7.) 50 years of progress

2009 also marked the 50th anniversary of Alaska’s statehood and we celebrated our shared history with the Alaska Statehood Experience (ASE), a project of Rasmuson Foundation and Alaska Humanities Forum (AKHF) with support from the National Endowment for the Humanities. The celebration included books, plays and exhibits around the state. Another project of historical proportions received national attention this fall. For the Rights of All: Ending Jim Crow Laws in Alaska premiered on September 22 in Washington, DC, at the Smithsonian’s National Museum of the American Indian and focused on Alaska’s civil rights movement.

8.) Goodbye to an old friend

It was with great reluctance that we bid farewell to friend and program officer Joel Neimeyer as he moves on to his new position as federal co-chair of the Denali Commission. Joel was honored this year by Native Americans in Philanthropy as the recipient of the Louis T. Delgado Distinguished Grantmaker Award for 2009. Joel reflected on his time at the Foundation in a blog post this month.

9.) Building our network

With times of economic hardship sweeping the sector, the Foundation relied heavily on our peers to strategize tactics for 2009. Philanthropy Northwest selected Building Resiliency as its conference theme for the fall retreat, which provided fertile ground for how to build up and strengthen organizations in a difficult year. November saw the first gathering of the Alaska Corporate Philanthropy Seminar. Organized by Philanthropy Northwest, with support from Wells Fargo Bank Alaska, the seminar brought together 25 Alaskan companies to discuss their giving strategies.

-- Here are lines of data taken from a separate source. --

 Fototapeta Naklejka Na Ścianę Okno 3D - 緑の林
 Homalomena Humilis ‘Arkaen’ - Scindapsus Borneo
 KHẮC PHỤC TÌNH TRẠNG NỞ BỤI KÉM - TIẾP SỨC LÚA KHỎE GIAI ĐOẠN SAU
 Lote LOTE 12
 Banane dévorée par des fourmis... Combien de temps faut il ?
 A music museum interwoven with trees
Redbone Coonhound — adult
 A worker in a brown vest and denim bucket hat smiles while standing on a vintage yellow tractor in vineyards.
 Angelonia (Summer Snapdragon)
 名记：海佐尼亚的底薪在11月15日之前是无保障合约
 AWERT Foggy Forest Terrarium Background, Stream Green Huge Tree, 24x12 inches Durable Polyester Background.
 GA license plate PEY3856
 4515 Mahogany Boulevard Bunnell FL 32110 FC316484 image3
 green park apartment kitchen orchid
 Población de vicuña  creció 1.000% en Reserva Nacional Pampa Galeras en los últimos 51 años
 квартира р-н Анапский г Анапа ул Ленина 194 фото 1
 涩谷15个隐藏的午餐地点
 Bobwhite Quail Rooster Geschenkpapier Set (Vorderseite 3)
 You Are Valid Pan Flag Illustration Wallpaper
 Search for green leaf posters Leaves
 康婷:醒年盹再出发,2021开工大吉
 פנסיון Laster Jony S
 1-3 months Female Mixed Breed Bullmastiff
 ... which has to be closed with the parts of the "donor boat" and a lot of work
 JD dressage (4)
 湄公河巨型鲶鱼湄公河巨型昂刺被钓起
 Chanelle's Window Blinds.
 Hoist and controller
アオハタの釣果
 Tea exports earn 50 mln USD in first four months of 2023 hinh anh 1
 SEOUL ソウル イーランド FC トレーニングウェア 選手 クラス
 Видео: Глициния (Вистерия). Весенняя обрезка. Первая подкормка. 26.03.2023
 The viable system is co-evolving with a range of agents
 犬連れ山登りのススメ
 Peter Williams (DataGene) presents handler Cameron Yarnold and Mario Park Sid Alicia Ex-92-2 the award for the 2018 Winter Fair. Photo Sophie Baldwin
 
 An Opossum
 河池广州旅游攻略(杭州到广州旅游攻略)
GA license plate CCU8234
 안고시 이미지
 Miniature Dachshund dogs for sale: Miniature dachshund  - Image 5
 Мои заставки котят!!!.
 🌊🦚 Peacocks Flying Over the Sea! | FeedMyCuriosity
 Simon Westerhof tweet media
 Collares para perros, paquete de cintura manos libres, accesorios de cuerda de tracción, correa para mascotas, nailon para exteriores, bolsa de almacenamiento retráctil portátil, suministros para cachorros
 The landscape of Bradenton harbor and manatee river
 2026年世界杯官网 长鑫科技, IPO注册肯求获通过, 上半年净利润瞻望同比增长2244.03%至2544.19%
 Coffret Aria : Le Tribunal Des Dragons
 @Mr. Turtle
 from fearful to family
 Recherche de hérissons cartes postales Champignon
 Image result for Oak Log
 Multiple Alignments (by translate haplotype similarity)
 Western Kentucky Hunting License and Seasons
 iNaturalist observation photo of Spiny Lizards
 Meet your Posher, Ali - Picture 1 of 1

10.) Tundra Women’s Coalition Shelter opens

Rasmuson Foundation participates in many programs around the state—and all are cause for cheering. (Diane Kaplan was on hand in Kodiak for the ground-breaking ceremony for Kodiak Area Native Association’s new community services building.). As this year draws to a close, Rasmuson Foundation applauds the efforts of the Tundra Women’s Coalition, which opened its Domestic Violence Crisis Center and Shelter in Bethel last week. We view this project as a testament to what can happen when like-minded individuals pull together—we look forward to continuing this tradition in 2010.